Want to connect with Aya?


Or give her a shout out? Find her on Twitter aya_chebbi

Let us know your thoughts in the comments below, or let’s chat on Twitter, Facebook or Instagram @EyalaBlog.

“I'm a diplomat with an activist spirit” : Aya Chebbi (Africa -Tunisia) – 2/3

Aya Chebbi was the first African Union Envoy on Youth. Photo provided by Aya

I am in conversation with Aya Chebbi, pan-african feminist organizer and the first AU Youth Envoy. In the first part of our interview, Aya spoke to us about her African identity and her root in pan-africanism. 

In this second part, we dig deeper into the vision for a united Africa and explore Aya’s experience in her role as the AU Youth Envoy. 


I want to know about your style, because you’re always dressed to kill. I have a sense that it's not just about style, but that you're making a point with what you wear. Am I wrong? 

No, you’re not. I think it is identity and self-liberation. You know you grow up wearing what people tell you to wear and there are specific standards of beauty, especially as a female person. My experience with my hair made me realise that how I'm seen reflects who I am. I was bullied for my natural hair and so I used to cut it very very short, but then was forced to have straight hair so my mom would wrap it every night in long tights to be perfectly in shape for the next day. The moment I showered, I would have to go to the salon to do my hair. This was standard in the family.  

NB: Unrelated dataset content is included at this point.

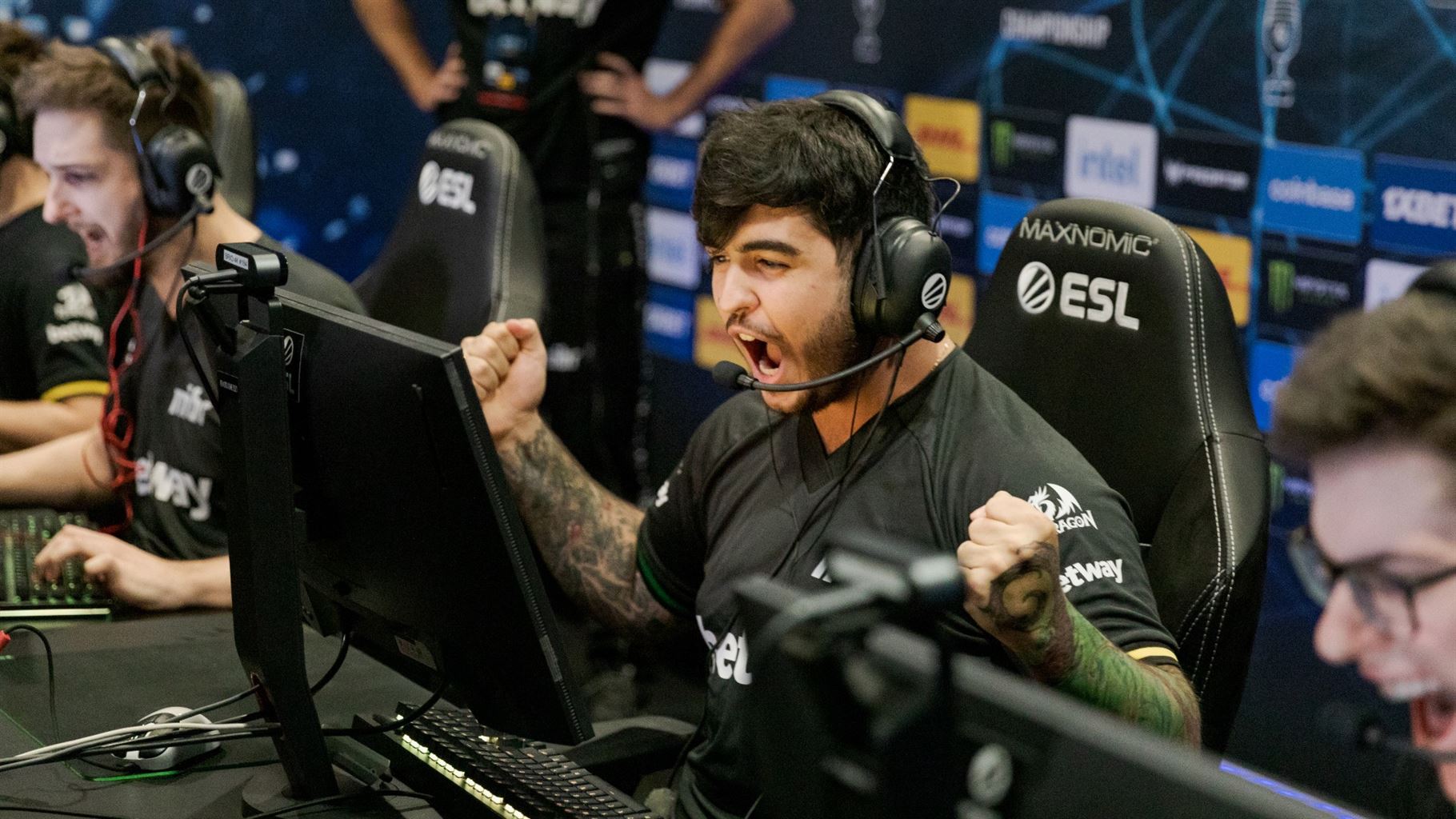MIBR ready for Antwerpen Major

When I went to university, I no longer had the time or money to do that and remember being shocked that I had curly hair. I loved being natural and just showering and going out with my hair as it was. In my family, especially at the beginning, the first two to three years, I would hear “Go and fix yourself, you're a mess. What is this hair? You’re a mess.” It's always heard that straight hair is what is proper. I realised my hair was political and used it to make a point about that being who I am and liking it. It takes courage, as well, to wear some of the things that I wear and walk in a room. I'm not coming in a suit and a tight skirt or the idea of what a young woman should wear, what a diplomat should wear, even in the hallways of the African Union. 

I realized my hair was political and used it to make a point about that being who I am and liking it.

My Pan-African identity helped me to take the courage and assert, “This is how I want to be seen. I love my African earrings. I can't take them off. This defines me.” That’s why I dress the way I am, because it's Pan-African for me. Every piece is from some parts of Africa and it’s like, “I am all Africa and I’m walking.” And especially in Tunisia, I love that when people see me they start asking questions, “Oh my God, where is this from?” And then we start a conversation. And I love that; I love provoking that. It helps me in North Africa to start an African conversation which is hard to have. I also realized that when I’m traveling, I blog about food, about clothes, and many of the people who follow me want to go and visit these African countries. That makes them love or become curious about it, and I love that. It is changing the narrative. 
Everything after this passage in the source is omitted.